The most successful people in any society are those who take the longest time period into consideration when making their day-to-day decisions. This insight comes from the pioneering work on upward financial mobility in America conducted by Dr. Edward Banfield of Harvard University in the late 1950's and early 1960's. After studying many of the factors that were thought to contribute to individual financial success over the course of a person's lifetime, he concluded that there was one primary factor that took precedence over all the others. He called it “time perspective.”
What Banfield found was that the higher a person rises in any society, the longer the time perspective or time horizon of that person. People at the highest social and economic levels make decisions and sacrifices that may not pay off for many years, sometimes not even in their own lifetimes. They “plant trees under which they will never sit.”

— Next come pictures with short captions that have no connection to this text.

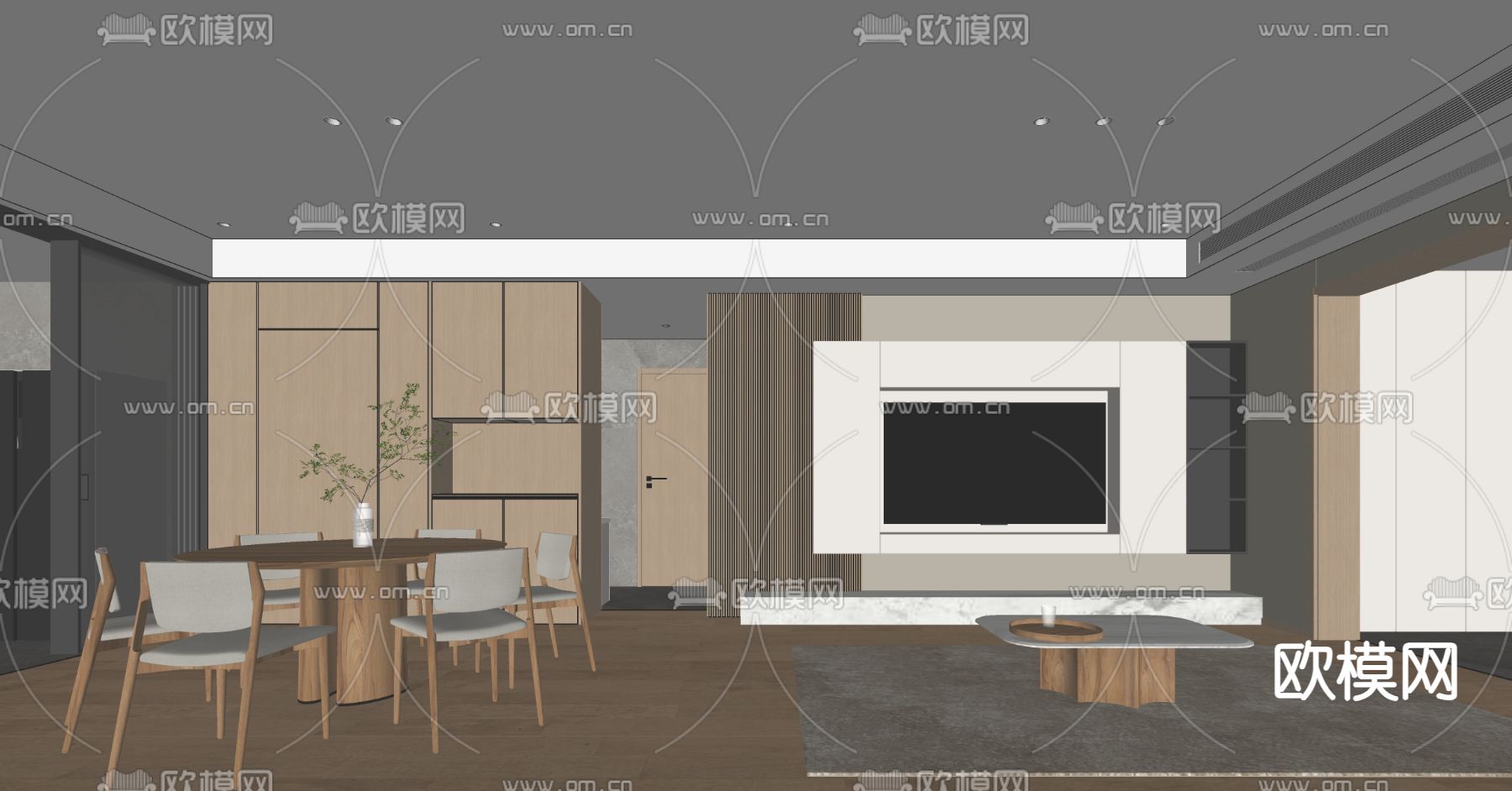 日式客餐厅su模型下载（渲染图2）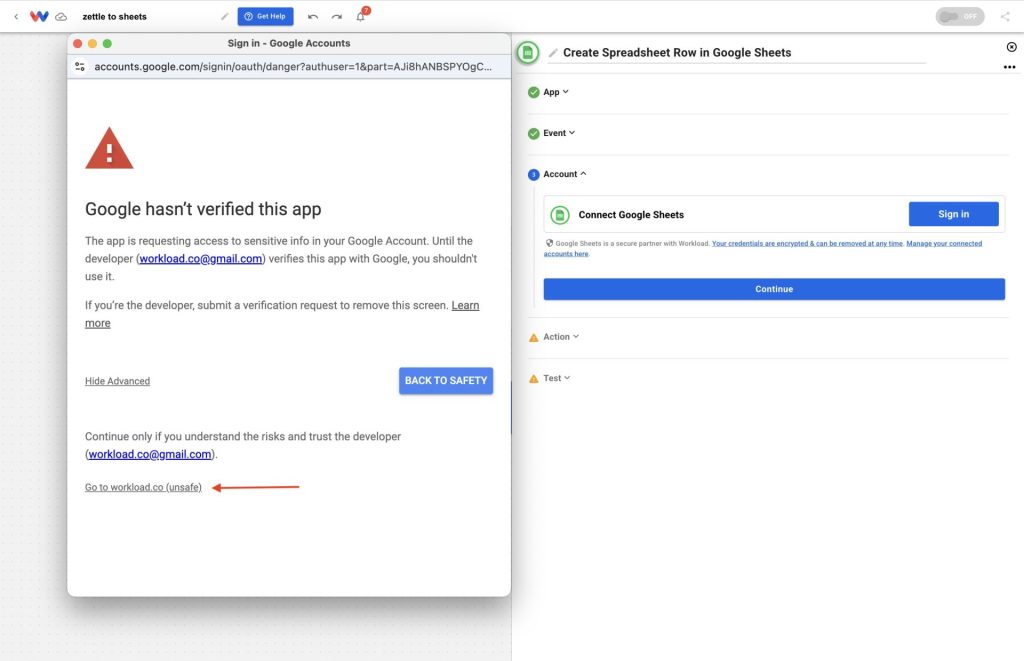 Clicking Go to workload.co to complete Google Sheets authorization for tracking Zettle purchases automatically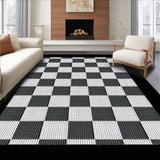 Ultra Soft Area Rug, Non Slip, Stain Resistant, Washable Area Rugs for Living Room, Bedroom, Rustic Twisted Checker Design(Black)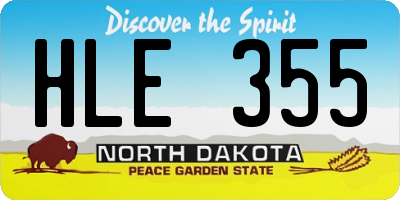 ND license plate HLE355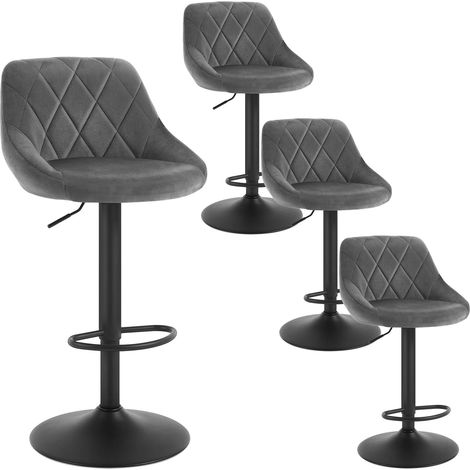 WOLTU 4x Breakfast Bar Stools Bar Chairs Kitchen Bar Stools with Velvet Swivel Gas Dark Grey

An obvious example of someone with a long time perspective is the man or women who spends ten or twelve years studying and interning to become a doctor. This person takes extraordinarily long time to lay down the foundation for a lifetime career. And partially because we know how long it takes to become a doctor, we hold doctors in the highest esteem of any professional group. We appreciate and admire the sacrifices that they have made in order to be able to practice a profession that is so important to so many of us. We recognize their long time perspectives.
Long Time Perspectives
People with long term perspectives are willing to pay the price of success for a long, long time before they achieve it. They think about the consequences of their choices and decisions in terms of what they might mean in five, ten, fifteen, and even twenty years from now.
Short Time Perspectives
People at the lowest levels of society have the shortest time perspectives. They focus primarily on immediate gratification and often engage in behaviors that are virtually guaranteed to lead to negative consequences in the long term. At the very bottom of the social ladder, you find hopeless alcoholics and drug addicts. These people think in terms of the next drink or the next fix. Their time perspective is often less than one hour.
Delayed Gratification is the Key to Financial Success
Your ability to practice self-mastery, self-control, and self-denial, to sacrifice in the short term so you can enjoy greater rewards in the long term, is the starting point of developing a long time perspective. This attitude is essential to financial achievement of any kind.